British soul singer returns with a coherent second album, which sees her explore and develop her own sound
It was back in 2018 that Jorja Smith‘s debut album, Lost & Found, was released, and she immediately was installed as the new face of British R’n’B. She’s sung on a Drake single, toured with Bruno Mars, and even shared a co-writing credit with Kendrick Lamar – all before that debut was even released.
It’s a canny move then, to wait five years before following it up. Falling Or Flying is an appropriate name too – whereas Lost & Found was a steady, professional debut, her follow-up feels more authentically like Smith’s real self. There’s less in the way of down-tempo ballads, leaving her room to explore and develop her sound: and there seems more chance of flight than fall by the quality of her new songs.

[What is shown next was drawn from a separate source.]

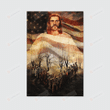 Jesus And Veteran Christian Wall Art Poster Canvas, One Nation Under God Jesus Canvas Print, Jesus Poster Canvas Art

Try Me kicks off the album with some heavy percussion and a bassline that almost shakes the speaker. It’s Smith’s vocals that lift it up a level though, with a haunting, urgent quality that re-occurs throughout the album. There’s certainly more of a focus on the dancefloor this time around – the subtly clattering drums of She Feels, or the storming duet with J Hus (who contributes the adorable line “Imma bad man but sometimes I want a cuddle”) are perfect late-night listens, which would sound equally good in a club or accompanying a night bus journey.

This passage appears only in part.